Quem já viveu o constrangimento de ver o filho fazer caretas de desagrado diante de um presente sem graça pode imaginar o que seria a vida em sociedade se todos fossem sinceros o tempo inteiro... Um inferno! Nessas horas, o bom senso manda chamar a atenção da criança e mostrar que, às vezes, a verdade causa mágoas desnecessárias. “Não se trata de fazer apologia da dissimulação, mas a mentira social é importante nas relações e ajuda a proteger nossa auto-imagem e a das demais pessoas”, explica a psicóloga Mônica Portella, professora da PUC-RJ e autora do livro Como identificar a mentira (ED. QUALITYMARK). Mas, se em situações específicas essa virtude torta representa um progresso no desenvolvimento da sociabilidade, o uso dela fora desses contextos está longe de trazer benefícios. Ele mina a confiança nos relacionamentos, pode acarretar prejuízos para outras pessoas e alimentar o sentimento de impunidade diante de comportamentos irresponsáveis e pouco éticos. O desafio dos pais é reconhecer essas situações e calibrar as reações, evitando que os filhos caiam tanto no extremo da inconveniência quanto no da “pinoquice”.
Uma verdade só dela
Nos primeiros anos, as mentiras são uma mistura de fantasia e descoberta da independência de pensamento. “A criança gosta de se sentir dona de uma verdade que é só dela. O domínio da linguagem e o pensamento mais articulado permitem inventar histórias mirabolantes, reforçando a percepção de possuir uma consciência autônoma, que ninguém controla. Essas fantasias são um avanço no desenvolvimento mental”, afirma a psicóloga infantil Silvana Rabello, professora da PUC-SP. Outra característica da mentira nessa fase – que dura até 5 ou 6 anos – é a rapidez com que os enredos fantásticos são esquecidos ou substituídos por outros. O objetivo é despertar comoção na platéia ou desviar a atenção de alguma mancada.

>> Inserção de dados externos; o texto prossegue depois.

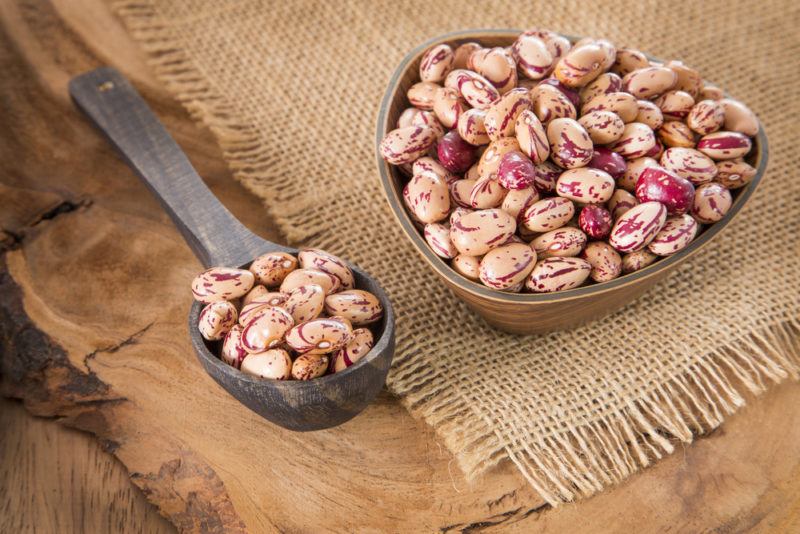 A bowl of pinto beans and a spoon of pinto beans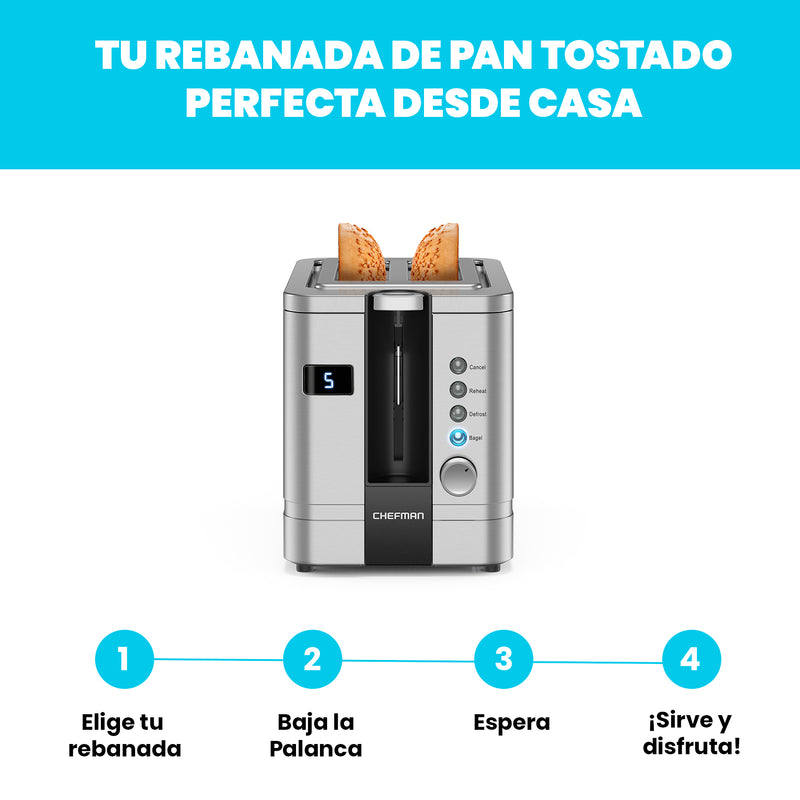 Chefman - Tostador Digital De 2 Rebanadas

Nem por isso as mentiras infantis deixam de causar confusões, como descobriu a vendedora paulistana Andréia Azevedo, 32 anos, mãe de Laura, 4. A filha havia chegado da escola com arranhões no rosto dizendo que tinha sido a professora. “Fui lá conversar e, de cara, a professora quis saber o nome do gato que machucara a Laura. Para a avó, ela contou que havia sido a prima... e até hoje ninguém sabe o que aconteceu. Já pensou se chego na escola fazendo acusações?”, diz a mãe.